Dövizi bırak faize bak

EKONOMİMİZ, bugüne kadar pek karşılaşmadığı boyutta bir döviz bolluğu sorunuyla karşı karşıya. Tabiri caizse, kulaklarımızdan döviz fışkırıyor.

Hal böyle olunca doların, Euro’nun fiyatı, az da olsa artması gerekirken, mutlak olarak geriliyor. Merkez Bankası, dövizi elinden tutmasa da garibi(?) dibe batacak. Bu sürecin bir göstergesi de Türkiye’ye 2005’in ilk altı ayında 6 milyar dolar ‘kaynağı belli olmayan’ döviz girmesi oldu. Ödemeler Dengesi’nde buna ‘net hata, noksan’ deniyor. Hatanın bu kadarı fazla doğrusu.

* * *

Hazineden sorumlu Devlet Bakanı Babacan, dört yıldır artarak süregelen bu kaynağı belirsiz döviz akımı neyin nesidir, bir araştıralım demiş. (Bu arada milli gelir hesaplarındaki inanılmaz ‘stok artışı’ rakamları da bir zahmet irdelense çok iyi olacak.) Eğer bu döviz akımı ‘cari işlemler’in içinde yer alması gereken kayıtdışı turizm ve ihracat geliriyse, ekonomimiz için bu iyi bir haberdir. Böylece cari işlemler açığının, milli gelire oranı küçülüyor demektir. Mali istikrar açısından tehlikeli bir gidiş, belki de yön değiştirmiştir.

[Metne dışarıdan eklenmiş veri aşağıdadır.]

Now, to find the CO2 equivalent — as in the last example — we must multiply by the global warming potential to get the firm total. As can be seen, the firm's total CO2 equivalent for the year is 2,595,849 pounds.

Yok 6 ayda 6 milyar dolara varan ‘kaynağı belirsiz’ döviz akımı, eğer bir sermaye hareketi yani sıcak paraysa, o zaman ‘cari işlemler açığı’ ciddi bir tehlike olma özelliğini koruyor demektir.

* * *

Altı milyar dolarlık kaynağı belli olmayan döviz akımı, ister ‘cari işlemler’den, ister ‘sermaye hareketleri’nden kaynaklansın, kesin olan Türkiye’de ‘cari işlem açığı’ olduğudur. Bu husus, büyümenin hálá ‘iç talebe’ bağlı olduğunu göstermektedir. Türkiye’nin, iç talep artışına bağlı bir büyüme stratejsi izlemesi ‘çıkmaz sokaktır’. Türkiye, ister turizm, ister ihracat olsun, ancak dış taleple sürdürülebilir bir büyüme trendini yakalayabilir. Karşı karşıya olduğumuz temel mesele budur. Bu da bizi, döviz fiyatlarının, büyüme stratejisine ters hareket ettiği gerçeğine götürmektedir. Burası asla gözden kaçırılmamalıdır.

* * *

Milli gelire oranlandığında anlamlı bir yüzdede ve sürekli olarak cari işlem açığı veren bir ülkede, tanım icabı, ulusal para ‘değerlenmiş’ demektir. Türkiye, böyle bir ülkedir. Türkiye’de döviz fiyatlarının düşük olmasının tek bir sebebi vardır. O da Türk Lirası’na verilen faizin yüksek olmasıdır. Kayıt dışı veya kayıt içi döviz bolluğundan bahsedilirken, MB’nin kısa vadeli TL ve Hazine’nin orta ve uzun vadeli TL ve döviz faizlerinden bahsedilmemesini anlamıyorum. Niçin bu husus ısrarla es geçiliyor? Sanki dünyadaki tasarruflar yolunu şaşırmış da tesadüfen Türkiye’ye gelmiş gibi yazılar yazılıyor. TL’ye yüksek faiz verilmese, niçin yerli ve yabancı yatırımcılar TL’yi tercih etsin? İktisat, ‘maksat’ kelimesinden türetilmiştir. TL’ye dönmenin maksadı ne acaba? Bu ne biçim bir iktisat yorumculuğudur?

Son Söz: Faiz haddi yanlışsa, döviz fiyatı da yanlıştır.